Referring to FIG. 5C, the third ground plane 222a may include a through hole through which the first and second wiring vias 231a and 232a pass, and may be connected to the second blocking pattern 132a. The plurality of shielding vias 245a may be arranged along a front boundary of the stepped cavity CS and electrically connect the third ground plane 222a and the fourth ground plane 221a. The via pattern 112a may be electrically connected to the dipole antenna pattern.

Referring to FIG. 5D, the fourth ground plane 221a may have a shape that is recessed two or more times to the rear of the first endfire antenna pattern 120a, and the first and second wiring vias 231a and 232a are It may include a through hole passing through, and may be connected to the first blocking pattern 131a. The plurality of shielding vias 245a may be arranged along the front boundary line of the stepped cavity CS. The first endfire antenna pattern 120a may be disposed in front of the stepped cavity CS (eg, in the x direction).

6A and 6B are diagrams illustrating a lower structure of a connection member that may be included in the antenna device shown in FIGS. 1A to 5D.

6A, the antenna device according to an embodiment of the present invention includes a connection member 200, an IC 310, an adhesive member 320, an electrical connection structure 330, a sealing material 340, and a passive component. It may include at least some of the 350 and the sub-substrate 410.

The connection member 200 may have a structure similar to that of the connection member described above with reference to FIGS. 1 to 5D.

The IC 310 is the same as the above-described IC, and may be disposed under the connection member 200. The IC 310 may be electrically connected to the wiring of the connection member 200 to transmit or receive an RF signal, and may be electrically connected to a ground plane of the connection member 200 to provide a ground. For example, the IC 310 may generate a converted signal by performing at least some of frequency conversion, amplification, filtering, phase control, and power generation.

The adhesive member 320 may adhere the IC 310 and the connection member 200 to each other.

The electrical connection structure 330 may electrically connect the IC 310 and the connection member 200. For example, the electrical connection structure 330 may have a structure such as a solder ball, a pin, a land, and a pad. The electrical connection structure 330 has a melting point lower than that of the wiring of the connection member 200 and the ground plane, so that the IC 310 and the connection member 200 may be electrically connected through a predetermined process using the low melting point.

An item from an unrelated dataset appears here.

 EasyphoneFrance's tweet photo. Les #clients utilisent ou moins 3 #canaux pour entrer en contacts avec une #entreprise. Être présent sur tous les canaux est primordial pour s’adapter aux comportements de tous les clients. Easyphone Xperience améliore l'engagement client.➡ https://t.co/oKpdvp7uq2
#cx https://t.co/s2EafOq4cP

The encapsulant 340 may seal at least a portion of the IC 310, and improve heat dissipation performance and impact protection performance of the IC 310. For example, the encapsulant 340 may be implemented with a photo imageable encapsulant (PIE), an Ajinomoto build-up film (ABF), an epoxy molding compound (EMC), or the like.

The passive component 350 may be disposed on the lower surface of the connection member 200, and may be electrically connected to the wiring and/or the ground plane of the connection member 200 through the electrical connection structure 330.

The sub-substrate 410 may be disposed under the connection member 200, and receives an intermediate frequency (IF) signal or a base band signal from the outside and transmits it to the IC 310 or from the IC 310. It may be electrically connected to the connection member 200 to receive the IF signal or the baseband signal and transmit it to the outside. Here, the frequency of the RF signal (eg, 24GHz, 28GHz, 36GHz, 39GHz, 60GHz) is greater than the frequency of the IF signal (eg, 2GHz, 5GHz, 10GHz, etc.).

For example, the sub-substrate 410 may transmit an IF signal or a baseband signal to the IC 310 or receive from the IC 310 through a wiring that may be included in the IC ground plane of the connection member 200. Since the first ground plane of the connection member 200 is disposed between the IC ground plane and the wiring, the IF signal or the baseband signal and the RF signal may be electrically isolated in the antenna module.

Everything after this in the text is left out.